Binding Values to Symbol

When R tries to bind a value to a symbol, it searches through a series of environments to find the appropriate value.

When you are working on the command line and need to retrieve the value of an R object, the order in which things occur is roughly:

  1. Search the global environment (i.e. your workspace) for a symbol name matching the one requested.
  2. Search the namespaces of each of the packages on the search list

The search list can be found by using the search() function.

search()
##  [1] ".GlobalEnv"        "package:stats"     "package:graphics" 
##  [4] "package:grDevices" "package:utils"     "package:datasets" 
##  [7] ".env"              "package:methods"   "Autoloads"        
## [10] "package:base"

The global environment or the user’s workspace is always the first element of the search list and the base package is always the last. For better or for worse, the order of the packages on the search list matters, particularly if there are multiple objects with the same name in different packages.

When a user loads a package with library() the namespace of that package gets put in position 2 of the search list (by default) and everything else gets shifted down the list.

Scoping Rules

Related to the scoping rules is how R uses the search list to bind a value to a symbol.
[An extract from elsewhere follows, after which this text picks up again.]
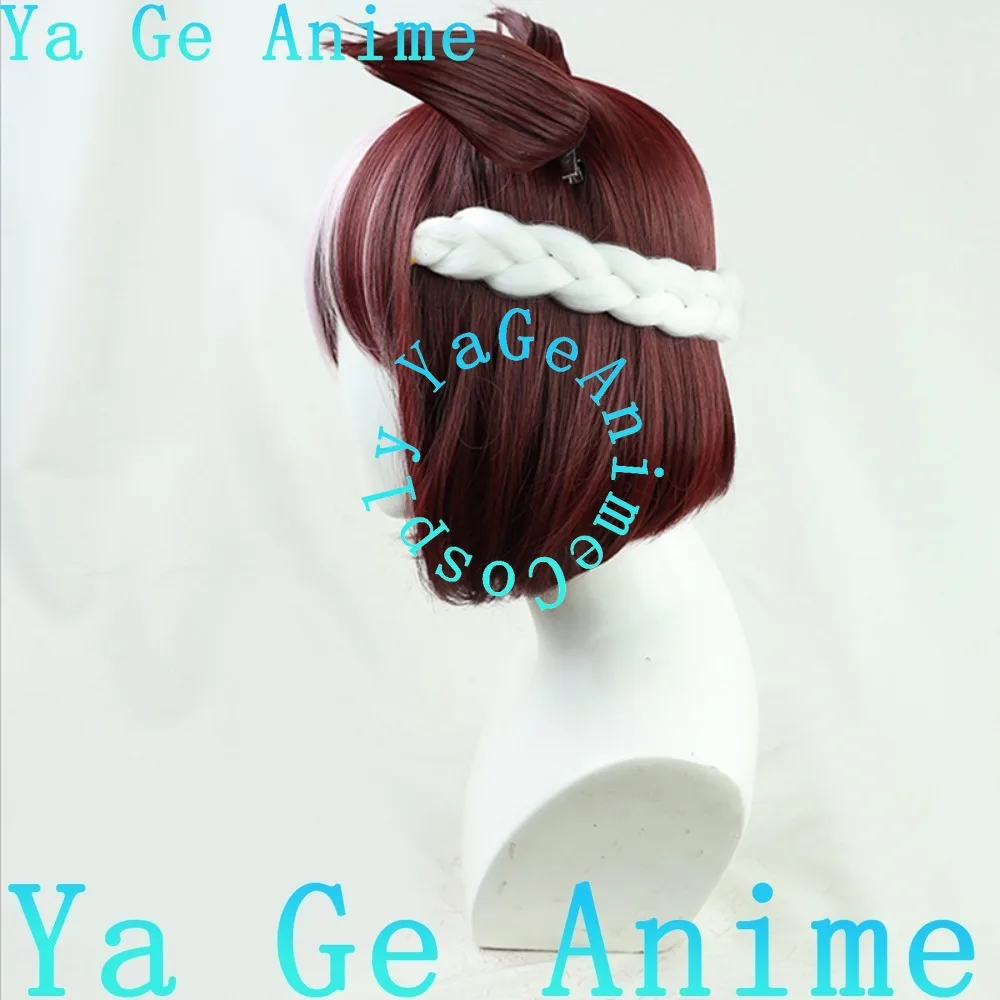 Wig Cosplay Uma Musume Pretty Derby Special Week dengan Ekor dan Hiasan Rambut, Cocok untuk Pesta Halloween dan Karnaval, Rambut Sintetis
Consider the following function:

f <- function(x, y) {
  x^2 + y / z
}

This function has 2 formal arguments x and y. In the body of the function there is another symbol, z. In this case z is called a free variable.

The scoping rules of a language determine how values are assigned to free variables. Free variables are not formal arguments and are not local variables (assigned insided the function body).

R uses lexical scoping = static scoping. An alternative to lexical scoping is dynamic scoping which is implemented by some languages. Lexical scoping turns out to be particularly useful for simplifying statistical computations.

Lexical scoping in R means that:

the values of free variables are searched for in the environment in which the function was defined.

A function, together with its enclosing environment (the environment where the function was defined, aka enclosure), makes up what is called a closure or function closure.

The function closure model can be used to create functions that “carry around” data with them.

How do we associate a value to a free variable? There is a search process that occurs that goes as follows:

Lexical scoping importance

in R you can have functions defined inside other functions. Now things get interesting: in this case the environment in which a function is defined is the body of another function!

make.power <- function(n) {
  pow <- function(x) {
    x^n
  }
  pow
}
cube <- make.power(3)
square <- make.power(2)
cube(3)
## [1] 27
square(3)
## [1] 9
cube
## function(x) {
##     x^n
##   }
## <environment: 0x0000000016acc648>

Notice that cube() has a free variable n. What is the value of n here? Well, its value is taken from the environment where the function was defined. When I defined the cube() function it was when I called make.power(3), so the value of n at that time was 3.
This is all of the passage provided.